Each time I had to clean the pistol, my 9mm Beretta, I was reminded of what it was for. Because it is only effective inside of 50 meters, it’s a last-resort weapon. With all the machine guns and mortars we carried, there would be little use in it. One step below pistol is a bayonet, and then it’s fists.

Prior to deploying, the officers routinely stayed late and met in the boardroom. We listened to intelligence reports, went over tactical scenarios, and drank beers. Before one of the meetings began, people sat around the table and talked. No one looked unhappy or worried. Though I can’t remember what prompted it, my superior said that if anyone felt like they were about to be captured during our deployment, then we should do the right thing and eat a bullet. The comment was made casually, but it was sincere and loud enough for the whole room to hear. If captured, we would be killed, likely beheaded. The act would be recorded and disseminated on the internet. The people we left behind would have to live knowing that our final moments were being permanently broadcast. Killing ourselves was an act of kindness, a selfless way of protecting our families.

When I deployed, I became suicidal without wanting to be. I’d believed what I’d been told.  Sometimes I fought back by not cleaning my pistol, allowing the powdery dust to build up around the barrel and trigger guard. Maybe it would jam. At some point, I stopped fighting. I even worried about the scenarios where I wouldn’t be able to get to my pistol. What if I was in an explosion and someone grabbed me when I was unconscious, or that I was so badly injured that I wouldn’t be able to physically do it? I even knew how to chamber a round if one of my arms was broken or missing.

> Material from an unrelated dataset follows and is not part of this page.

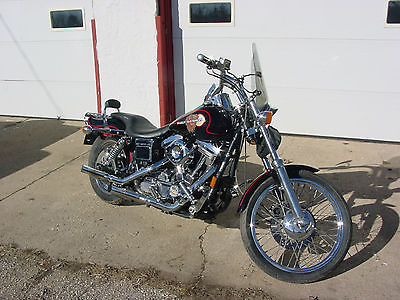 1993 Harley-Davidson Dyna  1993 HARLEY DAVIDSON DYNA WIDE GLIDE BLACK CUSTOM EAGLE SHARP HD NO RESERVE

People become reckless after surviving a deployment because there’s a certain hint of invincibility that comes with it. But I returned home feeling fragile. The myth of immortality gets disproven when someone you know gets killed overseas.

Our unit returned home, and we were obligated to attend classes intended to help us reintegrate back into our old lives. The Marine who gave one of the classes talked about the increased risk of suicide and the mental steps that someone undergoes prior to it. First someone has the idea and then there’s an intent to carry out the act. During that class, I realized that I had done both. Though I wasn’t suicidal then, and I am not now, not only had I risked my life, I had grown comfortable with taking it.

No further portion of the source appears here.